El general Lew Wallace, gobernador de New Mexico y autor de la novela "Ben-Hur: A Tale of the Christ"
El general Lew Wallace, gobernador de New Mexico y autor de la novela «Ben-Hur: A Tale of the Christ» (foto: DP)

Los propios habitantes de Nuevo México no eran demasiado felices contemplando el caos en Lincoln. La capìtal del estado —Santa Fe, que era una de las ciudades más antiguas del país— contaba con un sector periodístico muy activo, cuyas informaciones sobre corrupción y un constante silbido de balas estaban atrayendo la atención nacional. Bien pudo comprobarlo Samuel B. Axtell, gobernador y protector de los caciques de Lincoln, que había hartado a diversos sectores de la sociedad por culpa de su personalidad obtusa y dictatorial, de sus contactos mafiosos y, cómo no, de su total incapacidad para pacificar el avispero en que se había convertido el condado de Lincoln. Los periódicos de Santa Fe hicieron del gobernador Axtell el blanco de sus iras, destapando muchas de las corruptelas en las que andaba mezclado, y la onda expansiva del escándalo no tardó en llegar incluso a la Casa Blanca. El presidente estadounidense Rutherford B. Hayes —aunque pertenecía también al Partido Republicano, como Axtell— difícilmente podía tolerar un foco semejante de inestabilidad y barahúnda en el país, así que ordenó a su secretario de Interior que dirigiese una investigación sobre el gobernador de Nuevo México. El secretario Carl Schurz se aplicó a ello con determinación germánica: era un inmigrante alemán, de pasado revolucionario, que tras haberse naturalizado estadounidense ocupó importantes puestos en el Senado o incluso fue embajador estadounidense en España (se dice que convenció a nuestro Gobierno para que no apoyase la causa confederada durante la guerra civil). La investigación de Schurz fue rápida y eficaz. Tanto, que Samuel B. Axtell se vio forzado a abandonar su puesto. Se designó a un nuevo gobernador, el general Lew Wallace, sobre quien recayó la difícil tarea de intentar pacificar Lincoln, aunque hoy es internacionalmente famoso por haber sido el autor de la novela Ben-Hur: A Tale of the Christ, que estaba escribiendo justo durante aquellos días y cuya adaptación cinematográfica fue una de las películas más laureadas de todos los tiempos.

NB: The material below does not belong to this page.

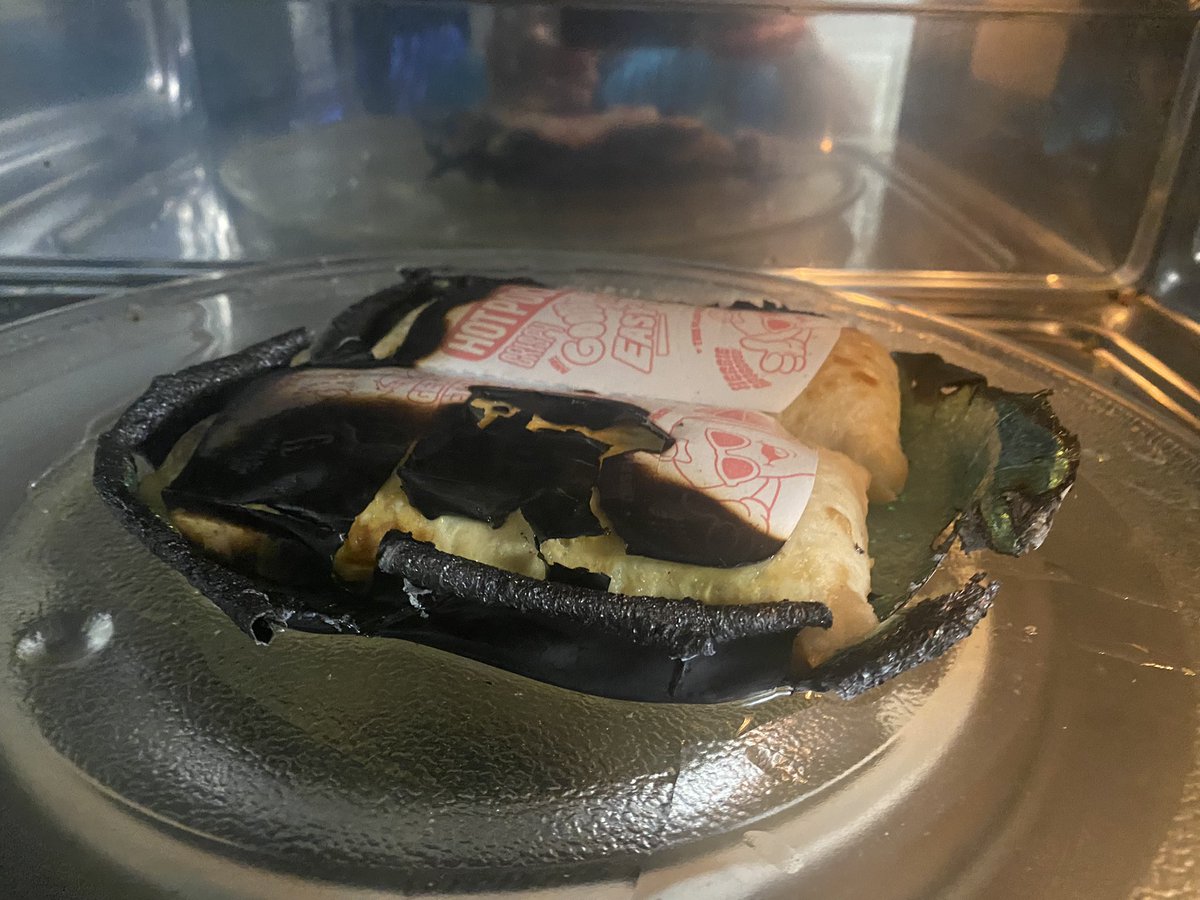 JohnnyLazenby's tweet photo. @hotpockets your suggestion of warming up on paper plates 1)caused a fire 2) daughter didn’t get dinner 3) had my wife yell at me as to why use a paper plate. Sorry didn’t take a pic during the fire. Bad suggestion. Reg plate would have been better. Bad marketing idea. https://t.co/toEPEBf4mQ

Wallace entendió al instante que el hecho de que la guerra entre bandas en Lincoln se considerase finalizada no significaba que la paz estuviese garantizada. Los Reguladores habían perdido el conflicto, sí, y sus escasos miembros supervivientes, aislados, deambulaban por el territorio escondiéndose donde podían y sabiéndose perseguidos por agentes de la ley, pistoleros a sueldo de sus enemigos e incluso militares. Pero el gobernador suponía, y con razón, que aquella situación desesperada hacía de los Reguladores hombres peligrosos y que en cuanto se sintiesen acorralados responderían con violencia. Lo último que deseaba el nuevo gobernador era ver más noticias de muertes en las páginas de los periódicos, así que tomó una medida atrevida, para muchos discutible, pero que en la teoría prometía ser eficaz: proclamó una amnistía para los involucrados en la guerra de Lincoln. Quienes abandonasen definitivamente la violencia no serían perseguidos por actos que hubiesen podido cometer durante el conflicto, excepto en aquellos casos donde se hubiese iniciado ya una causa penal antes de promulgarse dicha amnistía. Lo cual, en esencia, significaba que el perdón resultaba inaplicable para Billy el Niño, que ya tenía una acusación judicial en marcha por el asesinato del sheriff William Brady.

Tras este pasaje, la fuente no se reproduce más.